With the US election imminent, we view who to vote for as one of the most important choices in our lives. But, writes John T. Jost, whether liberal or conservative, our political affinities as adults can be predicted from early childhood. American and global studies show that temperament and psychological traits such as threat sensitivity correlate with ideological divides. A mix of nature and nurture means our political beliefs are at least partly heritable – though not inevitable.
Gilbert and Sullivan’s comic opera Iolanthe included the celebrated refrain ‘Every boy and every gal, That’s born into the world alive, Is either a little Liberal, Or else a little Conservative!’ There is, as it turns out, a grain of truth in this one-hundred-and-sixty-year-old song. It is certainly not the case that people are destined to occupy the political left, right, or center in any inevitable sense, but events that are set into motion in childhood, adolescence, and beyond do indeed shape our political orientations, whether we like to admit it or not.
Sigmund Freud believed that our basic personalities are more or less settled by the age of five. Contemporary research psychologists would probably not put such a fine point on it, but there can be little doubt that early experiences create path dependence, shaping subsequent developments, which create a kind of snowball effect in which correlated traits accumulate and manifest themselves in all areas of human behavior, including social and political behavior. The ontogenetic origins of our ideological orientations, in other words, begin in childhood, as vague hints and traces that, through subsequent experiences and social interactions, develop much later into full-fledged convictions for which people, in some cases, are willing to risk their lives—and the lives of others—for, as pro-Trump insurrectionists did on January 6, 2021, in Washington, DC.
Let us begin at the beginning. Between 1969 and 1971, conjugal scientific collaborators, Jack and Jeanne Block, visited two nursery schools in Berkeley and Oakland, CA, and asked a group of 6 teachers to provide independent evaluations of the cognitive, social, and personality characteristics of each of the 3- and 4-year-olds under their care.
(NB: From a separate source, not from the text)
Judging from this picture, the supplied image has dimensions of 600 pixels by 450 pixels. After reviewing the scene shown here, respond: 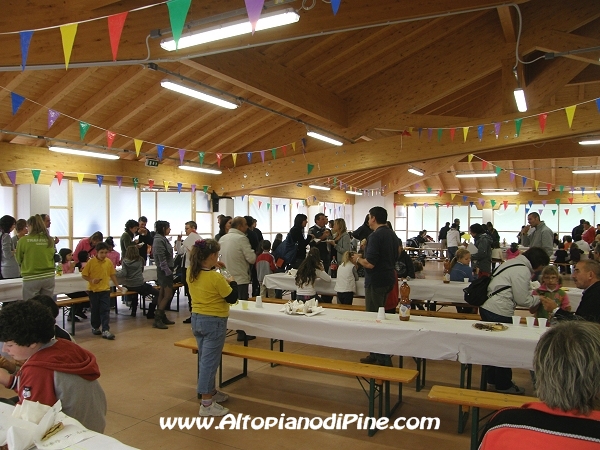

The researchers pooled the 6 teacher evaluations, which were in concordance with one another, to estimate the children’s traits, and then stayed in touch with the families for 20 years.
Around 1989, when the kids turned 23 years of age, 95 of them (from an initial group of 128) completed surveys that included lots of questions about their political beliefs, opinions, and values. The researchers discovered that the boys and girls who were rated by their nursery schoolteachers as more independent, self-reliant, resourceful, and confident turned out to hold more liberal or progressive attitudes at age 23, whereas the children who were rated as more anxious, guilty, and stressed expressed more conservative attitudes at age 23. Many people, even in psychology, found it shocking that childhood temperament could predict political orientation in adulthood.